XHEORO-FM
- Guasave, Sinaloa; Mexico;
- Frequency: 93.7 MHz
- Branding: La Mera Jefa

Programming
- Format: Grupera

Ownership
- Owner: Radiosistema del Noroeste; (Grupo RSN de Guasave, S.A. de C.V.);
- Sister stations: XHGSE-FM

History
- First air date: January 28, 1964 (concession)
- Former call signs: XEORO-AM
- Former frequencies: 680 kHz
- Call sign meaning: "Oro", gold in Spanish

Technical information
- Licensing authority: CRT
- Class: B1
- ERP: 25 kW
- HAAT: 76.3 m (250 ft)
- Transmitter coordinates: 25°32′18.63″N 108°27′33.58″W﻿ / ﻿25.5385083°N 108.4593278°W

Links
- Website: lamerajefa.com

= XHEORO-FM =

Radio station in Guasave, Sinaloa

XHEORO-FM is a radio station on 93.7 FM in Guasave, Sinaloa.

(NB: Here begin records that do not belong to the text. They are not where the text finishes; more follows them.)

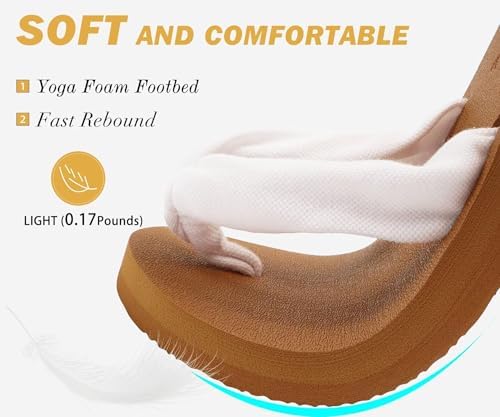  Arch Support Yoga Mat Thong Sandals for Women Comfortable Summer Beach Walking Slip On
| Women's Arch Support Yoga Mat 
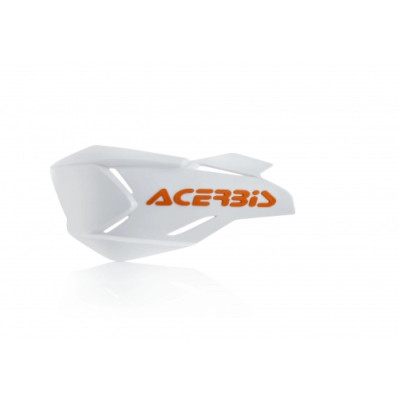 ACERBIS náhradní plasty k chráničům páček X-FACTORY bez montážního kitu bílá/oranž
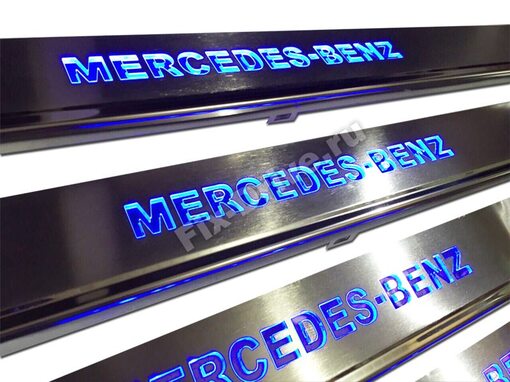 Door sills with illumination Mercedes-Benz S-Class w140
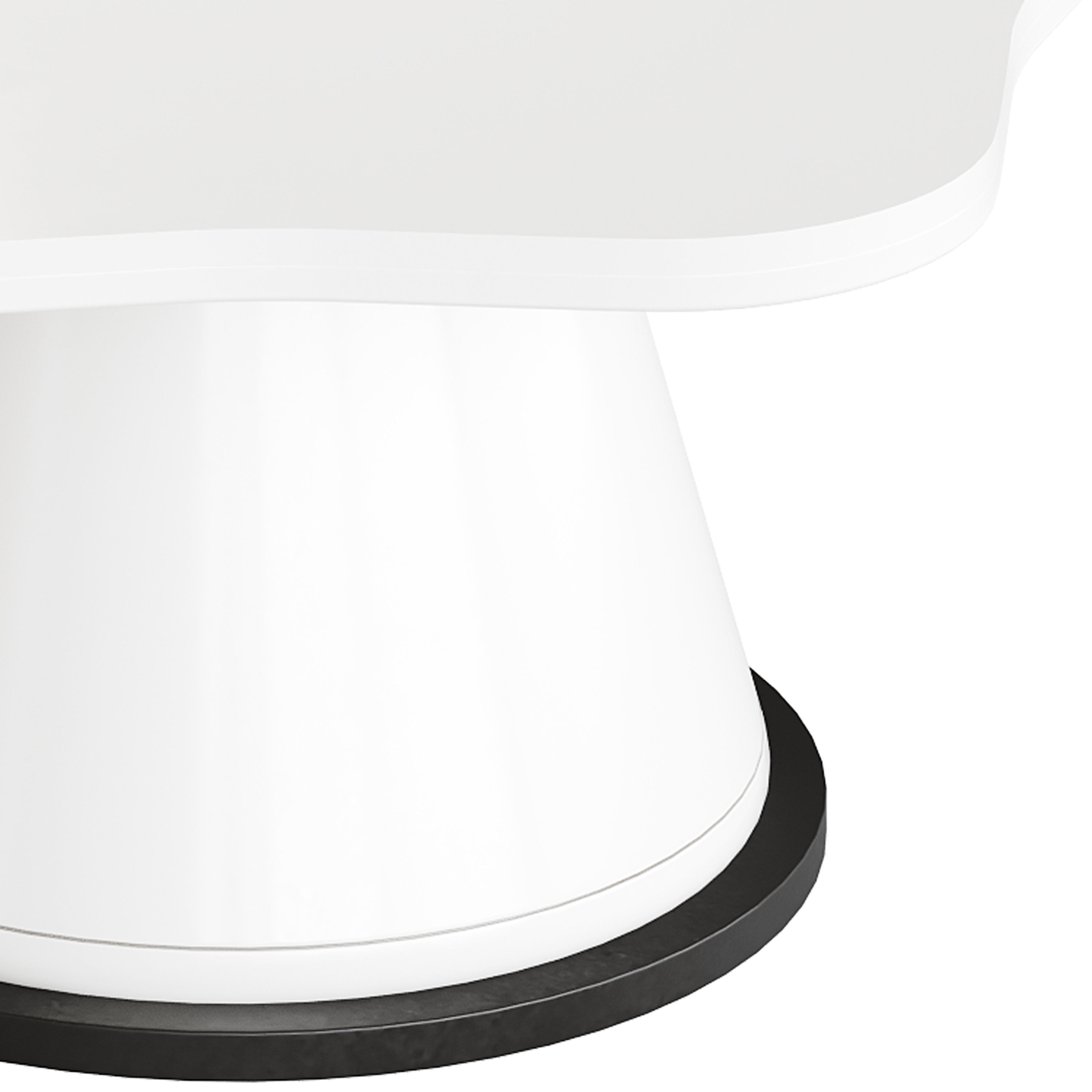 Round Cocktail Table 3D model_9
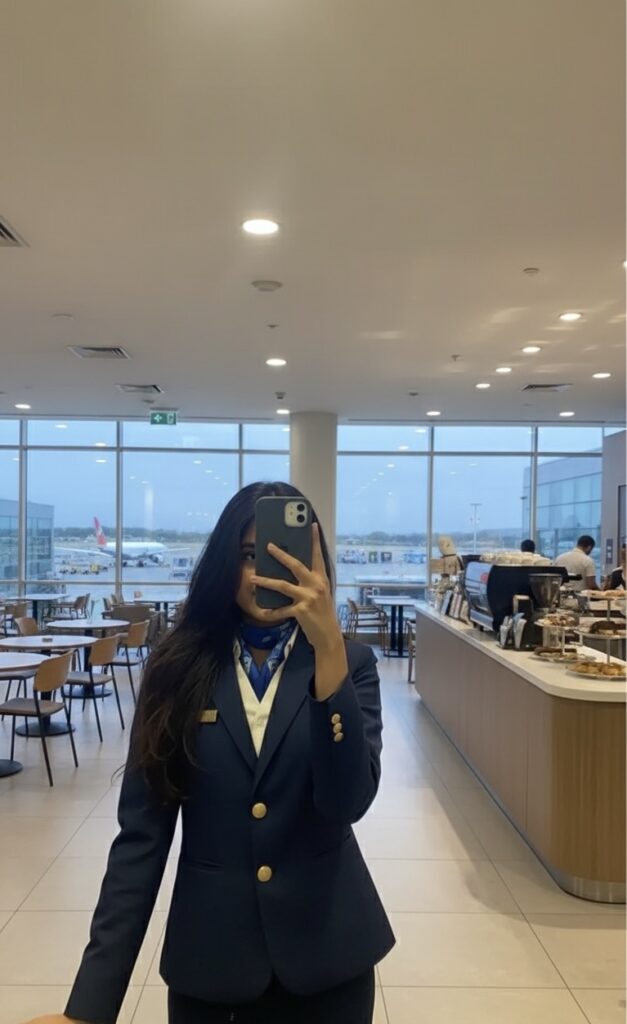 Mohali air hostess escort services with classy cabin crew look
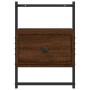 Mesita de noche de pared marrón roble 35x30x51 cm de vidaXL, Mesitas de noche - Ref: Foro24-833451, Precio: 44,70 €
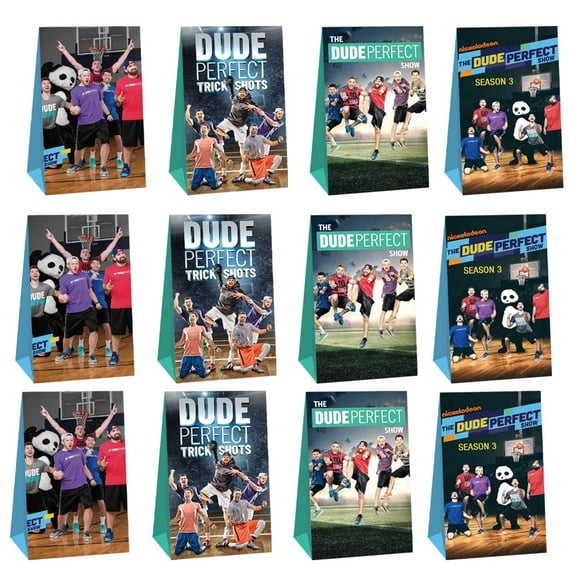 Dude Perfect Candy Bags Birthday Goodie Party Favor Decorations Treat Supplies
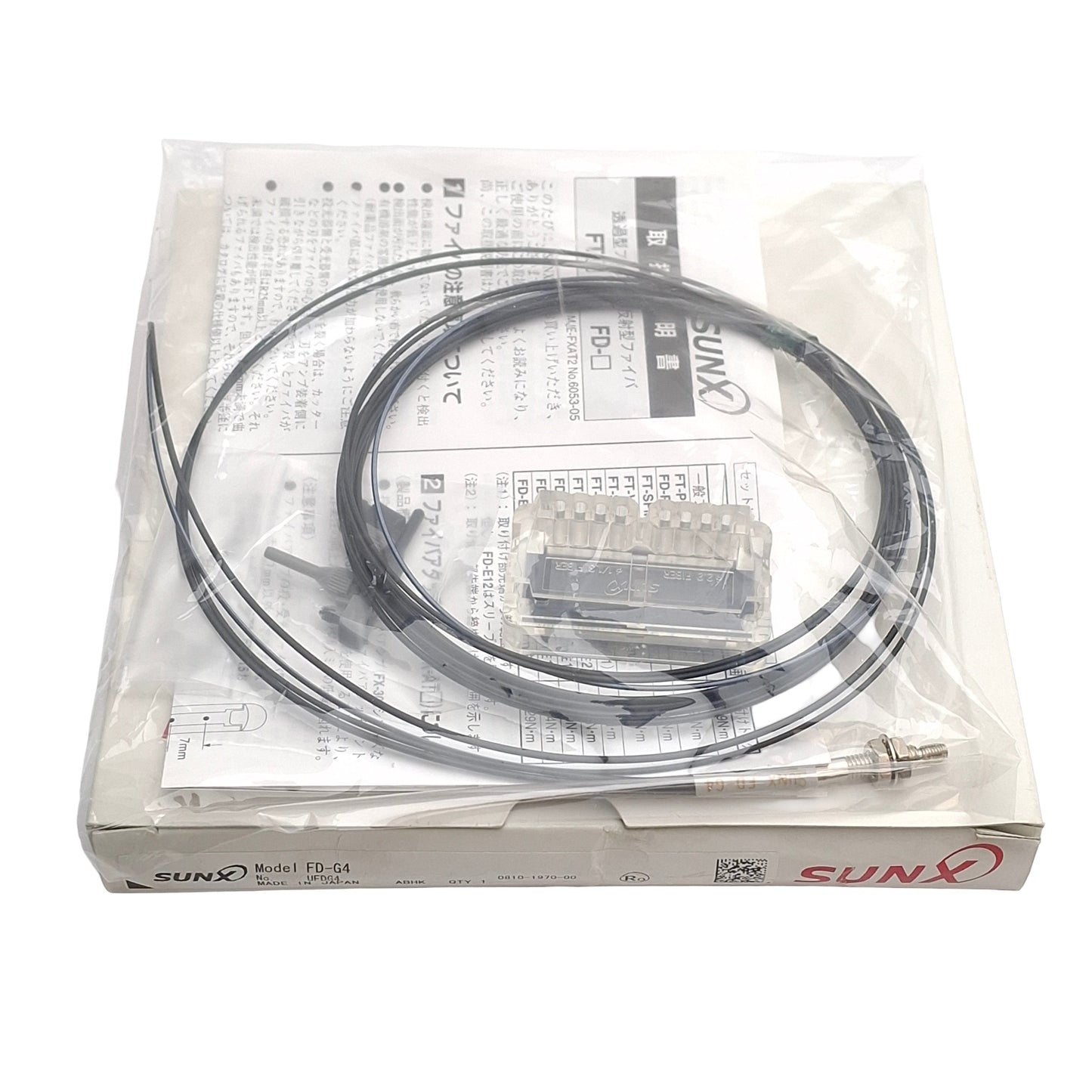 New Panasonic FD-G4 Sunx Fiber Optic Sensor Cable, M4 Thread/M3 Tip, 2 Meter Length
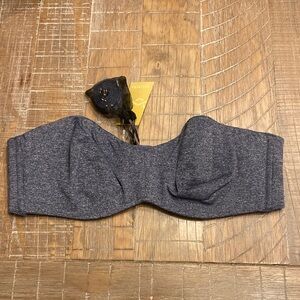 Blue Heather Strapless Bandeau Underwire bra with detachable straps NWT size 36B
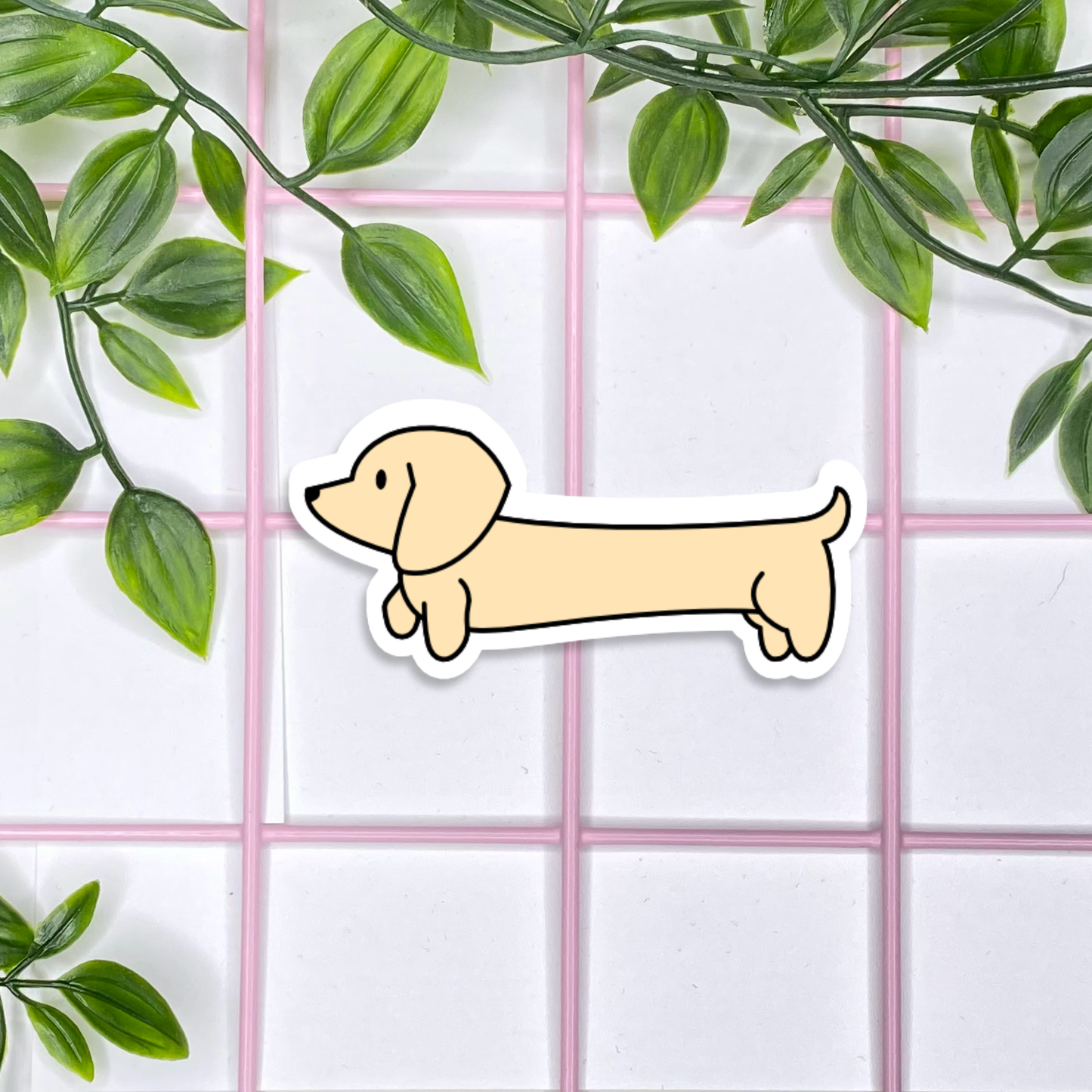 Dachshund Vinyl Stickers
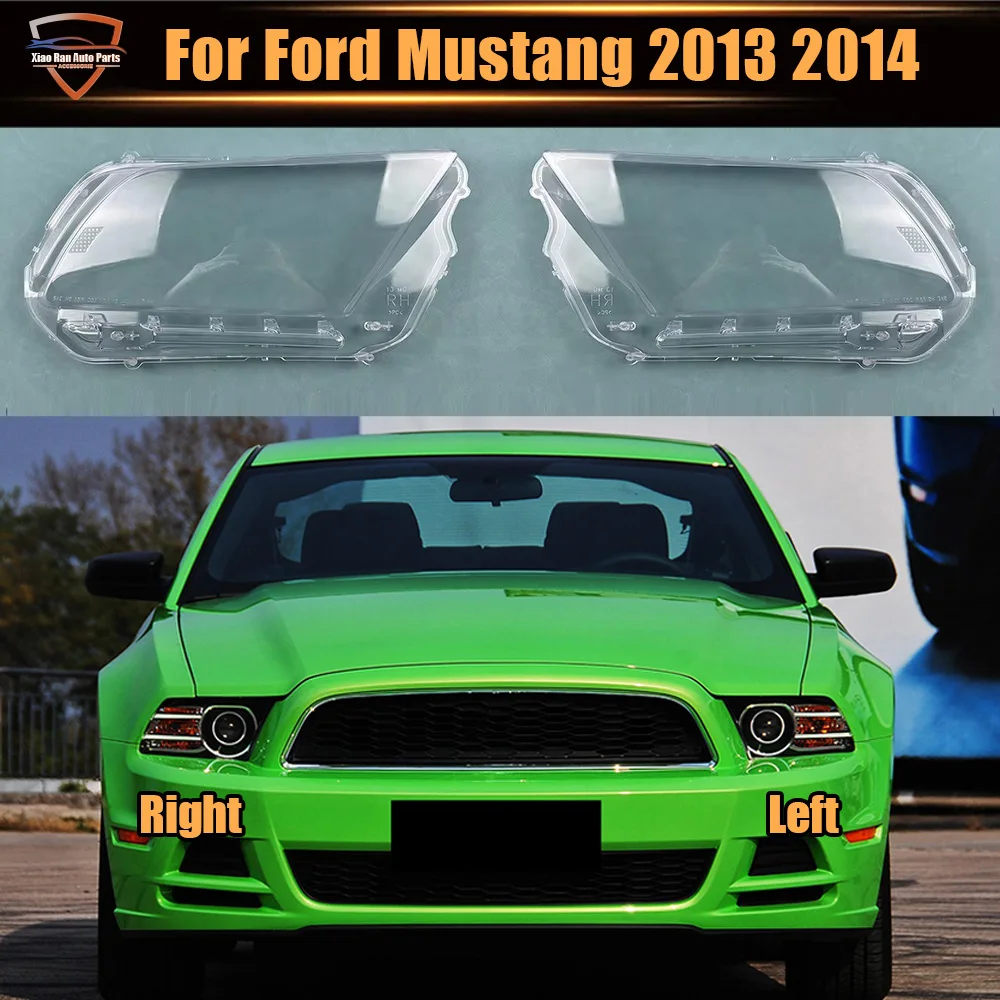 

For Ford Mustang 2013~2014 Headlight Cover Lens Transparent Lamp Shell Lampcover Plexiglass Replace The Original Lampshade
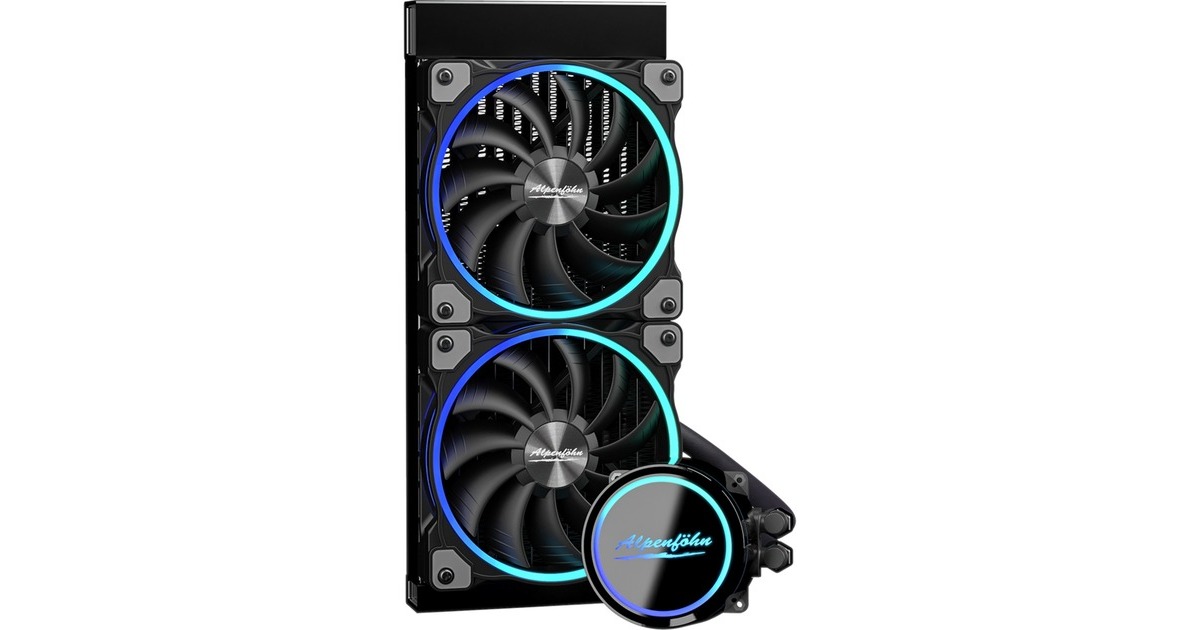 Alpenföhn Gletscherwasser 240 AiO RGB 240mm, Wasserkühlung(schwarz)
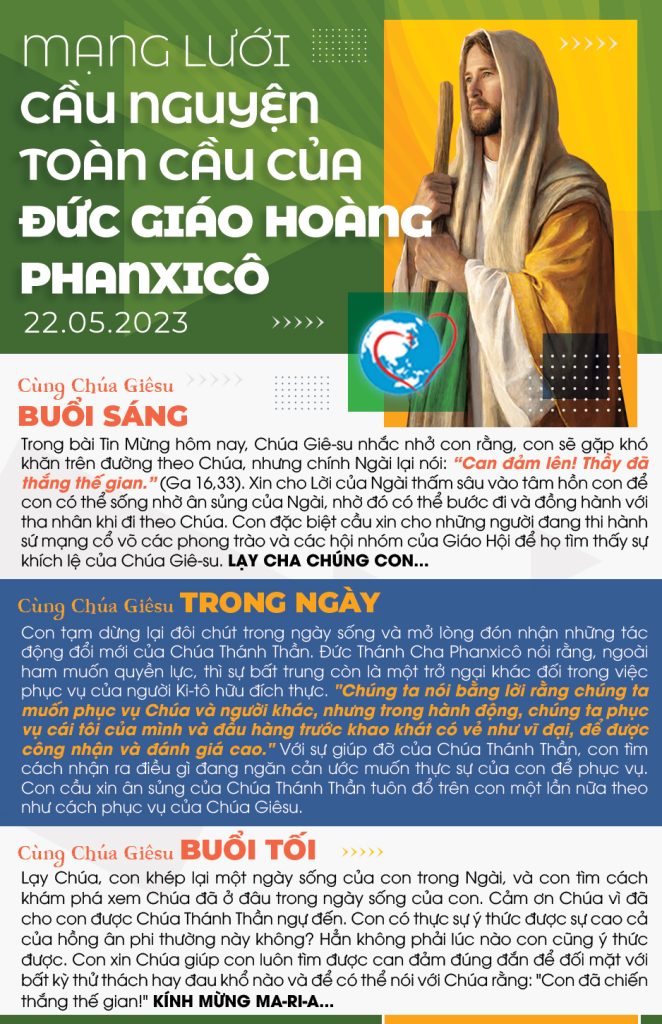 Mạng lưới cầu nguyện toàn cầu của Đức Thánh Cha – Ngày 22 tháng 5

It is owned by Radiosistema del Noroeste and known as La Mera Jefa with a grupera format.

==History==
XEORO-AM 680 received its concession on January 28, 1964. The 1,000-watt daytimer was owned by Óscar Chávez Castro.

XEORO migrated to FM in 2011 as XHEORO-FM 93.7.

Despite being owned by a member of the Chávez López family that owns Grupo Chávez Radio, XHEORO is operated by Radiosistema del Noroeste. In June 2016, the IFT approved the transfer of the XHEORO concession to Grupo RSN de Guasave, S.A. de C.V.